Regarding the whale probe and its final scene over San Francisco Bay, I credit the filmmakers for not wanting to “spoon feed” us information about the whales’ conversation.  Subtitles would have reduced the conversation to a joke, even.  But still, the scene goes on far too long, and the sight of the probe leaving orbit doesn’t seem like resolution enough for the crisis. 

Was the probe just checking in?  Visiting?  I would have loved for instance, if special effects were affordable, to see the probe land in the bay and humpback whales spill out…colonizing the Earth all over again.  That would have been a beautiful statement that mankind is now grown up,  ready and willing to share his world with other peaceful creatures.

Star Trek IV: The Voyage Home also gets a little carried away with it sense of humor in my opinion.  It’s as if everyone – including the writers – is so caught up in the spirit of fun that some corners get cut.  For instance, Scotty and McCoy share the futuristic formula of transparent aluminum with a 20th century engineer without knowing for certain that he is the actual, historical inventor.

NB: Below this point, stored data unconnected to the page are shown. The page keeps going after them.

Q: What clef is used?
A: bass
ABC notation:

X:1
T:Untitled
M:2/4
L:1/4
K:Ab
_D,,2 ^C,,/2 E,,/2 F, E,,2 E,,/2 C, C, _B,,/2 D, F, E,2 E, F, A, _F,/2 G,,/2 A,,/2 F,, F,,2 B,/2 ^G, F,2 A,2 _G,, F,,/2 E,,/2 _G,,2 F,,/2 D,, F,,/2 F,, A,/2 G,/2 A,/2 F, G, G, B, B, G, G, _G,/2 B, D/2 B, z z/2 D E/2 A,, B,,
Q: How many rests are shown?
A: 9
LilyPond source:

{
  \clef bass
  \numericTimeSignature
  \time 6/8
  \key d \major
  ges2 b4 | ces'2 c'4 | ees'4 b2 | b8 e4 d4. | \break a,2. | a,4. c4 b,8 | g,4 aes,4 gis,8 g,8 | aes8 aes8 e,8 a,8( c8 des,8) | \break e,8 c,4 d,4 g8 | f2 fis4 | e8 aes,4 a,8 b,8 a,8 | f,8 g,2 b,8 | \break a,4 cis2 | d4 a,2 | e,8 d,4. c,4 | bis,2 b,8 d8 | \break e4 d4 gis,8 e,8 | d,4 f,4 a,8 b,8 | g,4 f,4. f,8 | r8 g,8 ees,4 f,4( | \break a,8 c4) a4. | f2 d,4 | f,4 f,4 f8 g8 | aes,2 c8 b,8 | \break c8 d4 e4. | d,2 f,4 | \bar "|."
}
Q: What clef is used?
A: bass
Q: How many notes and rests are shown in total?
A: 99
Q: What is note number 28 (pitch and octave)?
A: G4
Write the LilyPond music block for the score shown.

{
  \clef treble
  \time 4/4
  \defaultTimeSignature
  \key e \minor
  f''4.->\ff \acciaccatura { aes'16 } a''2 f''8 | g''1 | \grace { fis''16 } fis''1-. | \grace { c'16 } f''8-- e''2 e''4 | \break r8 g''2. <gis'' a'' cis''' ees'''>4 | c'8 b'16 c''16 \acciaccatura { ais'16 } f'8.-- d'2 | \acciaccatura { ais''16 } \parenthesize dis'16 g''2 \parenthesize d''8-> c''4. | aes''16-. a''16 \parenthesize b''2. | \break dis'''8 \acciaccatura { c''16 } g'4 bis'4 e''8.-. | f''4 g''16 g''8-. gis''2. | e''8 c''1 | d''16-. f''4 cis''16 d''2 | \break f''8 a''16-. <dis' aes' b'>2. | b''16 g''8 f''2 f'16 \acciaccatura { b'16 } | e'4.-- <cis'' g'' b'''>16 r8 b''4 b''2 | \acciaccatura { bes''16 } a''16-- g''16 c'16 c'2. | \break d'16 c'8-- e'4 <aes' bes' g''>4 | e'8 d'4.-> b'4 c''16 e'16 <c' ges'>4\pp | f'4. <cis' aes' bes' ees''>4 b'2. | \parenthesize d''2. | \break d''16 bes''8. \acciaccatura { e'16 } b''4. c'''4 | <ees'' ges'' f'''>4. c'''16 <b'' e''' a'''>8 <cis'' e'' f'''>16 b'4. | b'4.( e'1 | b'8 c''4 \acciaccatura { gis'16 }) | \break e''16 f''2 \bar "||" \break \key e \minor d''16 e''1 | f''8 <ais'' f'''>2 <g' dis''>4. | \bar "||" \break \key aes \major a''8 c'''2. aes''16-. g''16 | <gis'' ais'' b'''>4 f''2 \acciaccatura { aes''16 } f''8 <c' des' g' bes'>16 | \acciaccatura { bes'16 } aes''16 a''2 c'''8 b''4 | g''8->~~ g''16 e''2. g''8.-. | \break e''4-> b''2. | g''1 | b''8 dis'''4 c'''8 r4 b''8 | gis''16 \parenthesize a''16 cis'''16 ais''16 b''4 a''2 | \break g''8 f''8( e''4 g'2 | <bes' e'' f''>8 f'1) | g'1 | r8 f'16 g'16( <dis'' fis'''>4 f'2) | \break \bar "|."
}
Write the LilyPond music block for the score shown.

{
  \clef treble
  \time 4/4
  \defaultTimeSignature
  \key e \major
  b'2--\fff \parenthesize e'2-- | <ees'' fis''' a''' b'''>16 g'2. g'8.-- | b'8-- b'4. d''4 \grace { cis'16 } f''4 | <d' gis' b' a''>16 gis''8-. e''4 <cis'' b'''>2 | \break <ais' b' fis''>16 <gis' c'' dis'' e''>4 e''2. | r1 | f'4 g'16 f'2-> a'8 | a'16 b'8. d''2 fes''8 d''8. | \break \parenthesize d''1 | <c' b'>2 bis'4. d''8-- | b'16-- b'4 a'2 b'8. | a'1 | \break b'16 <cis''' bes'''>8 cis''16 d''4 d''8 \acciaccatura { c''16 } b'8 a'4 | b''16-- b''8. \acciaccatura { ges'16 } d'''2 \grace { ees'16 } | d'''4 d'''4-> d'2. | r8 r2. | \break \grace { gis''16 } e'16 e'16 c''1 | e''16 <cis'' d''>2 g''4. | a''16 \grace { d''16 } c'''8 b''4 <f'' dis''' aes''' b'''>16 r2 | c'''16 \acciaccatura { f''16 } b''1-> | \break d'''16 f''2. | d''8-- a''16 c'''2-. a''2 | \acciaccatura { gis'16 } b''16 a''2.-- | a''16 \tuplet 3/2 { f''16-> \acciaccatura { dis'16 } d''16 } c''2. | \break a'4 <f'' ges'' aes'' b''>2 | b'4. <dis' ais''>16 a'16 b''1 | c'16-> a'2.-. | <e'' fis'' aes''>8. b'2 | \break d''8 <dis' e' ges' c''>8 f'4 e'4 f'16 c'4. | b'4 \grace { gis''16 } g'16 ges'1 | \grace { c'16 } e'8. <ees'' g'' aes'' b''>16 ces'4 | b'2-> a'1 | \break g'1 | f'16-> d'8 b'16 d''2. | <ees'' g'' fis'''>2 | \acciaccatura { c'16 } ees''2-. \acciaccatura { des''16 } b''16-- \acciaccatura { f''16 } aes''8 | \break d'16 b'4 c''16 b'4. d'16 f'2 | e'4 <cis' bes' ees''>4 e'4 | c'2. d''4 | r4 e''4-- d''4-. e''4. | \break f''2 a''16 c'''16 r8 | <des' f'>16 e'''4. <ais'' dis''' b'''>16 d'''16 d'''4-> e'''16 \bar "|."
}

At another point, the Bird of Prey goes to warp speed while still in Earth’s sky, which seems abrupt at best and dangerous at worst.  There are a number of moments like this in the film where it feels like the Star Trek world has been set aside for getting an easy laugh, or for moving the plot-line along.

And again, I just have to state that the film is directed almost listlessly.  There are fewer close-ups here (in direct opposition to Nimoy’s technique apparent in Search for Spock) and many wide-shots that, while capturing great locations like the Golden Gate Bridge, somehow distance us from the characters and their situation this time around.  There’s something about the editing and selection of shots that make the film feel almost unfinished, or half-complete.

Despite such drawbacks, Star Trek: The Voyage Home overall oozes a sense of joy, fun and optimism.  It’s a happy, forward-looking movie in the Trek canon, and there’s not a super-villain or terrorist in sight to motivate the action or the relationships.